Windows Serverを新規購入する際には、大きく分けて以下のような調達方法があります。

OEMライセンス

ハードウェアメーカーからサーバを購入した際に、プリインストールやバンドルされている形で入手するライセンスです。価格が比較的抑えられる一方、ライセンスの移動や再割り当てが制限される場合があります。

ボリュームライセンス

マイクロソフトのボリュームライセンスプログラムを利用して取得する方法です。
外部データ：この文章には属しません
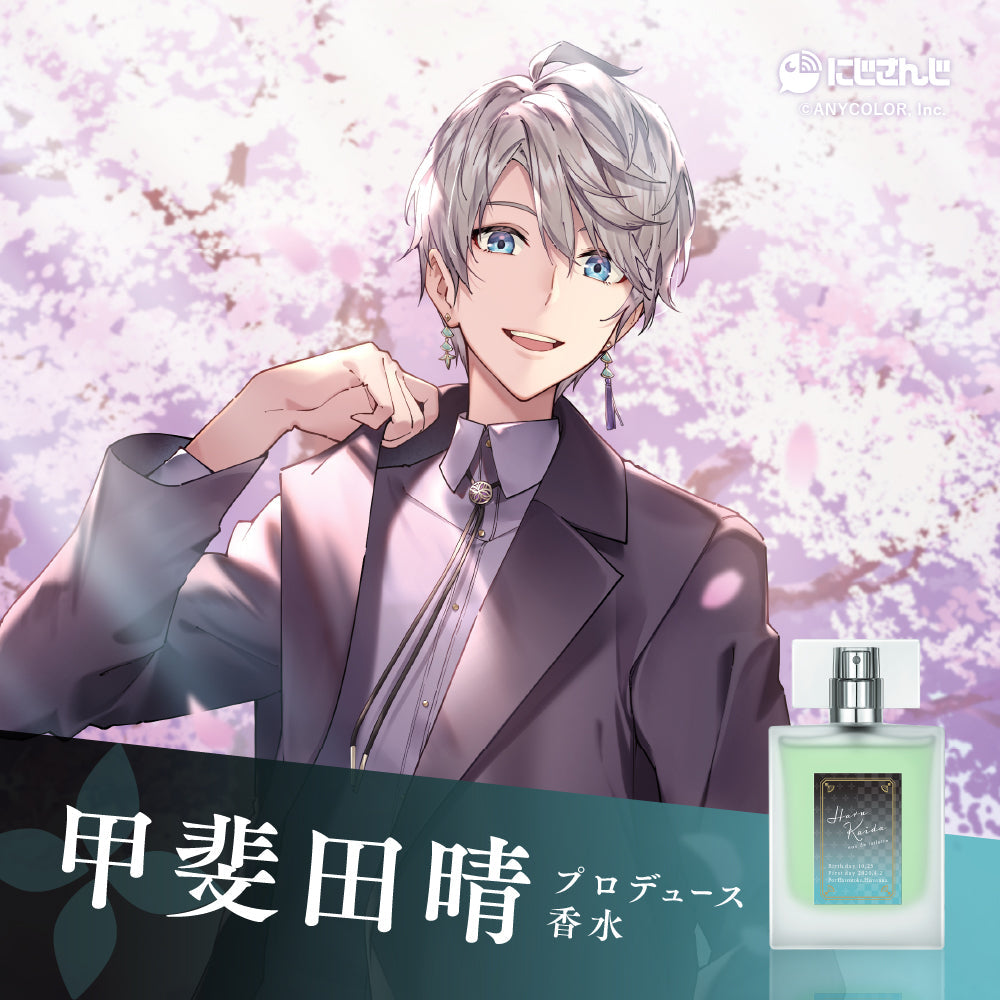 甲斐田晴 オードトワレ 47ml │ アニディール フレグランス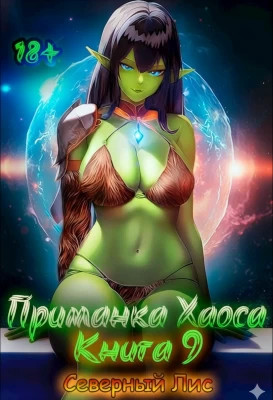 Приманка Хаоса 09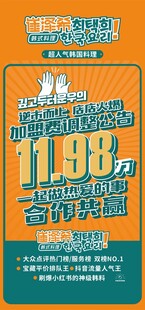 1198元享海鲜自助大餐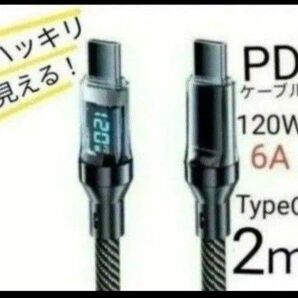 Switch充電可 120W 6A 急速充電ケーブル PDケーブル TypeC to C デジタルディスプレイ付 2m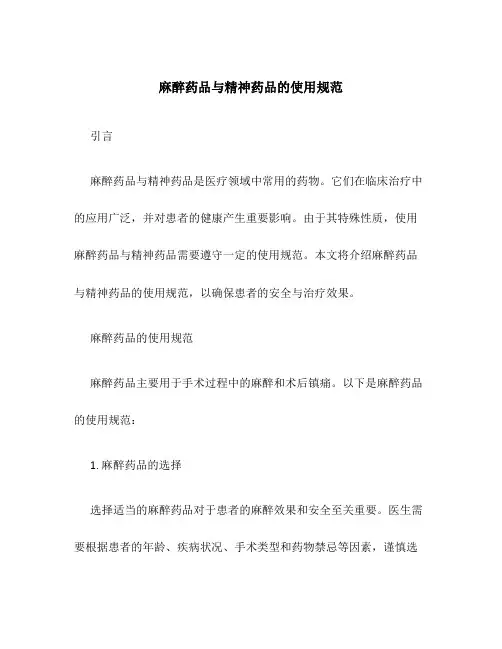 麻醉药品与精神药品的使用规范
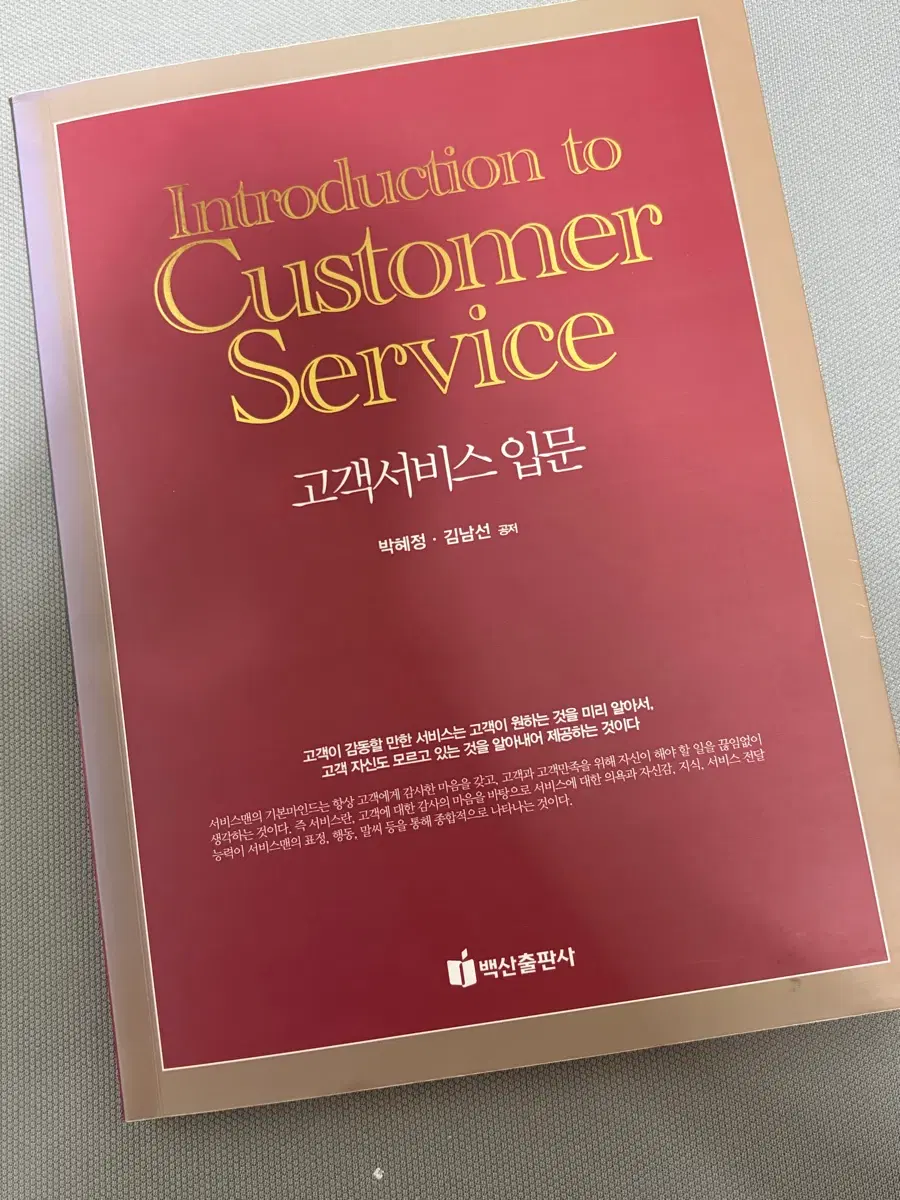 Introduction to Customer Service 고객서비스 입문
ソフトウェアアシュアランス(SA)を付加することで常に最新のエディションへアップグレードできる権利が得られたり、ライセンス再割り当てに融通が利きやすいメリットがあります。

SPLA(Service Provider License Agreement)

ホスティング事業者やSaaSベンダー向けのライセンスプログラムです。月額課金制で、利用したライセンス分だけ支払う形になります。自社内のオンプレミスサーバに導入する場合は通常のボリュームライセンスなどが主流で、SPLAは外部へ提供するサービス向けに利用されます。

仮想化プラットフォームとの相性

Windows Server上で仮想化を行う場合、Hyper-Vを使用するのが最もメジャーなパターンですが、VMwareやCitrix XenServerなど他社仮想化ソフトウェアを使用する場合でもライセンスの考え方は基本的に同じです。物理コアの数をベースにライセンスが決まるため、「どの仮想化プラットフォームを使っていてもコア数を把握すること」が最優先事項になります。
ただし、Hyper-Vをメインで利用する場合は、Windows Server Datacenterエディションの「無制限の仮想マシン権利」が魅力的になる傾向があります。大規模な仮想マシン数を計画しているなら、Hyper-V + Datacenterエディションの組み合わせがコスト面でも優位になることが多いです。

運用時のライセンス監査とコンプライアンス

マイクロソフトのライセンス監査は、企業によっては定期的に実施される場合があります。物理コア数や仮想マシンの数が増えた際に、正確にライセンスを追加取得できているかどうかを常に確認しておく必要があります。
特に、以下のタイミングでライセンスの再チェックを行うことが推奨されます。

  • サーバハードウェアをアップグレードしたとき(CPU交換や増設)
  • 仮想マシンを追加したとき
  • エディションを変更したとき(Standard→Datacenterなど)

万一監査でライセンス不足が発覚した場合、追徴金や罰則が科されるリスクがありますので、普段から正しいライセンス管理を心掛けましょう。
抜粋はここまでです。